If Time >= 6:00 am AND Time < 11:30 am THEN say “Hello, good morning!”

If Time >= 11:30 am AND Time < 3:00 pm THEN say “Hello, good afternoon!”

If Time >= 2:00 pm AND Time < 9:00 pm THEN say “Hello, good evening!”

If Time >= 9:00 pm AND Time <= 12:00 am THEN say “Good night, sleep well!”

If Time > 12:00 am AND Time < 6:00 am THEN say “Hi, you are up late – or did you get up early?”

The above are examples of what is called an IFTTT or “If This Then That” code. This is a bit more intelligent, but just barely. However, this is not necessarily smart enough in the financial world. The ERC-20 and its derivatives in the Ethereum world would have, one hopes, a bit more complicated IFTTT ‘rules’. For example, the protocol has a function that checks to see if the sender of the cryptocurrency actually has the amount in their account. This check is obviously important and a ‘smart’ thing to do. But, this type of check is performed by your bank when you use your bank’s debit card or credit card. However, banks don’t call their cards ‘smart cards’, even though there is more intelligence built into card processing than we give credit for.

In the age of artificial intelligence and machine learning, calling the above types of simple functionality ‘smart’ is an insult to the definition of ‘smart’. Even the earliest examples of AI software of the 60s were smarter. So, calling these ‘smart contracts’ smart is a throwback to prehistoric days of software engineering.

Incidentally, the moniker “IFTTT” is a bit of intellectual plagiaristic packaging passing off as a recent innovation. In reality, IFTTT has been around ever since the very first days of computing. All programmers know this, as well as it’s cousin, IFTTTE, which is “If This Then That Else.” Enough of this remarketing of old and well-known programming constructs.

Smart contracts are not contracts

Technologists who drool over smart contracts are obviously unfamiliar with what constitutes a contract. A loose definition of ‘contract’ may be fine for most casual applications, but for the financial world, the definition has to be legal and enforceable. Legally enforceable contracts have certain specific characteristics without which they don’t stand a chance of being defensible or enforceable. These characteristics include offer and acceptance, competence, unforced, mutual consideration, legal intent, and enforceable.
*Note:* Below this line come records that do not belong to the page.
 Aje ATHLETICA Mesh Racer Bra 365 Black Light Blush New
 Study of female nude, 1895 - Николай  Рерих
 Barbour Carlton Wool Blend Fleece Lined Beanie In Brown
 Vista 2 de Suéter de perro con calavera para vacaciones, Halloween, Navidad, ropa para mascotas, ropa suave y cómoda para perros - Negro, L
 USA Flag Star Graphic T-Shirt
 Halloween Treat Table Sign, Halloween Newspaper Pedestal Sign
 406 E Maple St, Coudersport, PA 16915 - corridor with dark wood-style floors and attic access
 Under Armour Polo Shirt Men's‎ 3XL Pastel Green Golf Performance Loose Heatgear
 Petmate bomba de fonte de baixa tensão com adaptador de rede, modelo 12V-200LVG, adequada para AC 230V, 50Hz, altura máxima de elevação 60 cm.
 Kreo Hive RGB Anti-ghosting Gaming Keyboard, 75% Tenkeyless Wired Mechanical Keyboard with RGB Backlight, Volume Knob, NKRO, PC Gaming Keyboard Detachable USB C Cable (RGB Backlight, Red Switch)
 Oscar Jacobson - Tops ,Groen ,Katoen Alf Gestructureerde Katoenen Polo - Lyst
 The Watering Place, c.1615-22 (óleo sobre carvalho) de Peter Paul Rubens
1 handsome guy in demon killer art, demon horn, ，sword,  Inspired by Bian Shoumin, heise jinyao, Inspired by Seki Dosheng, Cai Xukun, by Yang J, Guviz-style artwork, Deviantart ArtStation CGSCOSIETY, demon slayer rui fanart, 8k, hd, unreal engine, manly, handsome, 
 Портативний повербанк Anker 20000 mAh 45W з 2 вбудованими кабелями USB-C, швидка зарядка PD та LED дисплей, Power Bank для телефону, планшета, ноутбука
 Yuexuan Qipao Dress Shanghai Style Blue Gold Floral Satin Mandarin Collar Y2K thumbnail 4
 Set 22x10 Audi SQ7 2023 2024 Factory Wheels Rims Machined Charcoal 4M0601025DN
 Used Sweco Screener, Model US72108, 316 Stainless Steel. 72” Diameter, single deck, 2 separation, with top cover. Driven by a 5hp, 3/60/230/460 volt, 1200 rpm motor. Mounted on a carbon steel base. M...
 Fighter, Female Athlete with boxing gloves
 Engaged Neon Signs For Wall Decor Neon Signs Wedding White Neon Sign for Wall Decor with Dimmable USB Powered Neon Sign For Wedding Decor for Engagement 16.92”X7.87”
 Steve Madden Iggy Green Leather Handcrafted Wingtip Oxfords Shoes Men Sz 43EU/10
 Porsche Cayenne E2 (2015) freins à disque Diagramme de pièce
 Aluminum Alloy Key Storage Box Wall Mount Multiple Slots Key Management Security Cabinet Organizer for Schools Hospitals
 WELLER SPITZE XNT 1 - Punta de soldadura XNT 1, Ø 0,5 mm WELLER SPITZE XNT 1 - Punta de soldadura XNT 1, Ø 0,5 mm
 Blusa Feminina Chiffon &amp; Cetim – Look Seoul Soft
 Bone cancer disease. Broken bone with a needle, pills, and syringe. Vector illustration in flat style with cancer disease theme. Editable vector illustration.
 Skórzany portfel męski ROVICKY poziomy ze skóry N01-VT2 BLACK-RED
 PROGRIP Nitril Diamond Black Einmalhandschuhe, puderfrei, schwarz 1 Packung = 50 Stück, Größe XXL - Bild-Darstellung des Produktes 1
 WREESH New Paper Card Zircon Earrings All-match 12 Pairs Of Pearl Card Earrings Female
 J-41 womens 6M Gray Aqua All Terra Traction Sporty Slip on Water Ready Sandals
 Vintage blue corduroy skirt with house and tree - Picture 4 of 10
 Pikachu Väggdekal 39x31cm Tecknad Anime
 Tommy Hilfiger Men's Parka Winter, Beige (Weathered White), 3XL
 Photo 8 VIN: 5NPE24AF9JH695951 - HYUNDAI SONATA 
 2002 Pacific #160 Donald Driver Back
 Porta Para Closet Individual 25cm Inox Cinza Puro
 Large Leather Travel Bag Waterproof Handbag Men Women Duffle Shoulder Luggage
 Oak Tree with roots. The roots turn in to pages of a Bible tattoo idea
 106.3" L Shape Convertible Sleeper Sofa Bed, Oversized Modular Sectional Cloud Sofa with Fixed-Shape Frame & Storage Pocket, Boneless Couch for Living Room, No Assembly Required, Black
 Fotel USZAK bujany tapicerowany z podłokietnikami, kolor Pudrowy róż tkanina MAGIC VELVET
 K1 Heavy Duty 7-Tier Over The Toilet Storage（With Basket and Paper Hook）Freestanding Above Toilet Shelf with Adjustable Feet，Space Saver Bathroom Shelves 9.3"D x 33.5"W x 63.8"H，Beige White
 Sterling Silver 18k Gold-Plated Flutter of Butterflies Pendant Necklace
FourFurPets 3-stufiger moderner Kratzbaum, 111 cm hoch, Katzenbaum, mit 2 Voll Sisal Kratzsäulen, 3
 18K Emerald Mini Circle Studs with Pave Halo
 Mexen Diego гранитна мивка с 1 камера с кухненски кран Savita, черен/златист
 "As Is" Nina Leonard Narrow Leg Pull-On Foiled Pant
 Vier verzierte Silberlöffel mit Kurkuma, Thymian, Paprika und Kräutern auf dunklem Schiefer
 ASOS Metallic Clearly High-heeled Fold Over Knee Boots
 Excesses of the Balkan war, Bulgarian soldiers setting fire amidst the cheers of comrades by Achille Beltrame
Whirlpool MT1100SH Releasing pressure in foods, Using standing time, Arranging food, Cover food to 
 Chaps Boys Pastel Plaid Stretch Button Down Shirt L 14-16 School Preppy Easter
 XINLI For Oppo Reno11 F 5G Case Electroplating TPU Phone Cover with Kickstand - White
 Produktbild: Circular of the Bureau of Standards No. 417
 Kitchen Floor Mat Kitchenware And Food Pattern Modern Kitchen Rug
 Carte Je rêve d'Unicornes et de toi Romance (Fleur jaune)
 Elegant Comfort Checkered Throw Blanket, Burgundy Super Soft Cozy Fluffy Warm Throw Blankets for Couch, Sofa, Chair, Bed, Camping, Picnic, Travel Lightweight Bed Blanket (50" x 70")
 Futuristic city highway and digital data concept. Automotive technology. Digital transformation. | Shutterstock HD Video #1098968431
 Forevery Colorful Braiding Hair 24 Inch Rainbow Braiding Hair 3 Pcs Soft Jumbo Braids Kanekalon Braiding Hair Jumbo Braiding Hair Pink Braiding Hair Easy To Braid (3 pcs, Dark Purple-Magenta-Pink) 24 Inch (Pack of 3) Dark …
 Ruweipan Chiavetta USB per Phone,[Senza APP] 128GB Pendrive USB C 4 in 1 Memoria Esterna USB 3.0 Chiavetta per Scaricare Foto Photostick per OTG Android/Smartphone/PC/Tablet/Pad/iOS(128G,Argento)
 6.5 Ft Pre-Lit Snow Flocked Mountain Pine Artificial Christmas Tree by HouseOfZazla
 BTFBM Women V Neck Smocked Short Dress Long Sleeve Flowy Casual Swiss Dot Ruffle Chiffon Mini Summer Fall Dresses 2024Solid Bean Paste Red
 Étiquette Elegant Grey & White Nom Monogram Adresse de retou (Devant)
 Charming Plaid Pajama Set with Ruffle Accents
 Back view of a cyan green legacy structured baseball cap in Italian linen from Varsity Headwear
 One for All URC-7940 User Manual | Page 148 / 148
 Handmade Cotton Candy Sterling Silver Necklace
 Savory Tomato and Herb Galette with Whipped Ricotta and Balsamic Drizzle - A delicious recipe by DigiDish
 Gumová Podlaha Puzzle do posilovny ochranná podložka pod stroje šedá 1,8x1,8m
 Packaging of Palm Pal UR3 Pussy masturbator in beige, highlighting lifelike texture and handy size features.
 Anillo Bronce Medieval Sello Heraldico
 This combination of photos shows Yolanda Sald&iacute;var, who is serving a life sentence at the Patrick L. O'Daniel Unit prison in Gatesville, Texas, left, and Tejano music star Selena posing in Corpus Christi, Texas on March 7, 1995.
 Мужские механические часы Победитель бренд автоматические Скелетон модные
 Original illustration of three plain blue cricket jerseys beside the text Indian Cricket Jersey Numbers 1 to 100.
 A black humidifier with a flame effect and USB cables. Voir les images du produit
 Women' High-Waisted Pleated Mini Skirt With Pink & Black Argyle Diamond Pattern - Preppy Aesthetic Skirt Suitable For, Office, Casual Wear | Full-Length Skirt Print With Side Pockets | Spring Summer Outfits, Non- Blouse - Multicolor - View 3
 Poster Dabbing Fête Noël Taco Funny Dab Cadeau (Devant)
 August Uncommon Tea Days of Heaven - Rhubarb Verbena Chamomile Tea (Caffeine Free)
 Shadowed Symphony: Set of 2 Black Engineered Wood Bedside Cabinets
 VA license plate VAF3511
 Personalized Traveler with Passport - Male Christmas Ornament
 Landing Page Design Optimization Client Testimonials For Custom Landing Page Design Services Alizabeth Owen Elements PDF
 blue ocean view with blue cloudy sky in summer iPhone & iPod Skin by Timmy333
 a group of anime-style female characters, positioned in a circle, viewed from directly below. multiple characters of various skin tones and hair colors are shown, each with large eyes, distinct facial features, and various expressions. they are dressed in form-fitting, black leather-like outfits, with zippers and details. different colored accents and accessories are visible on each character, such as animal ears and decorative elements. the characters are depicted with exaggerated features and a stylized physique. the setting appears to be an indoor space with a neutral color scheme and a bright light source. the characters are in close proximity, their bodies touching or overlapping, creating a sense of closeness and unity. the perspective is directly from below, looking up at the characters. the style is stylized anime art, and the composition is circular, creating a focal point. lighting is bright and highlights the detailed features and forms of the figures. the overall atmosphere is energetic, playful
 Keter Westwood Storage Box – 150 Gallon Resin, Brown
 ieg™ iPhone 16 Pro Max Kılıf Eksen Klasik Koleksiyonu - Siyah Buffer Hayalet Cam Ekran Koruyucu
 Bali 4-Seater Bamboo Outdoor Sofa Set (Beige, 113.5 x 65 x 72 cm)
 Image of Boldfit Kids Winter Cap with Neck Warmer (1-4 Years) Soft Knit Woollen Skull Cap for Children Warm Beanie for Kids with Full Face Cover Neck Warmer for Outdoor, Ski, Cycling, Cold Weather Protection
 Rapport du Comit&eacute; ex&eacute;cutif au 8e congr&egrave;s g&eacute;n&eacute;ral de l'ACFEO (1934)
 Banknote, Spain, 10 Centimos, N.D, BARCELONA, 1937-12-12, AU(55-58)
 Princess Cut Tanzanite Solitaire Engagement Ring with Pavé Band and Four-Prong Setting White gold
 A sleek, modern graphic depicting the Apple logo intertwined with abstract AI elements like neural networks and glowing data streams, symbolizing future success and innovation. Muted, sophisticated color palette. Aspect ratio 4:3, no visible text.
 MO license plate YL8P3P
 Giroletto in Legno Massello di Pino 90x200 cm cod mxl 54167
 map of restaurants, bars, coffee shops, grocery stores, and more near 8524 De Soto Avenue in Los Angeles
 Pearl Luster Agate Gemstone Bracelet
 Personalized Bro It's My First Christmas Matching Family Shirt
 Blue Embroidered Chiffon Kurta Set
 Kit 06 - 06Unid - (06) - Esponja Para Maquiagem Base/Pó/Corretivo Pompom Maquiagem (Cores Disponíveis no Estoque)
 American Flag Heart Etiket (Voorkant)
Transactions involving cryptocurrency or security tokens do not automatically become contracts because the transactions may violate one or more of the above provisions.

  1. Offer and Acceptance: One of the parties must make an offer; the other must accept it. The offer and acceptance are subject to the other requirements of contracts. For example, if someone comes up to your car when you are stopped at a red light, polishes your windshield without your consent, and demands payment, it does not obligate you, legally or morally, to pay; there was no offer of a service and you did not consent to the polishing of your windshield.
  2. Competence: Both parties must be of sound mind and competent to enter into a contractual relationship. For example, those who are mentally incompetent (in the legal sense) and minors may not enter into contracts. This assumes that the identity of the parties is known to each other and each party – or perhaps an intermediary – can assess competence. This may not be true in a decentralized crypto world.
  3. Unforced: Both parties must have entered into the contract of their own free will and knowledge. This may not be true in the crypto world where cryptocurrency can be stolen, forced at gunpoint, or mistakenly sent to another party. In all cases, the sender (or victim) has no recourse or recovery.
  4. Due mutual consideration: All parties to the contract must receive something in return in this exchange; transactions cannot be one-sided (gifts are not contracts, by definition, but otherwise perfectly legal). In a crypto world, there may not be clarity about exactly what this due consideration is and if it was mutual.
  5. Moral and legal intent: A contract to kill someone or commit an immoral act is null and void. A payment for such an action is illegal and does not constitute a contract. Obviously, this may not be easy to detect in a crypto world.
  6. Enforceable: The performance of the terms of the contract must be enforceable and observable. None of this may be true in the crypto world, because in a decentralized system with no governance, no auditing, and indeed no identity, who could observe and who could enforce?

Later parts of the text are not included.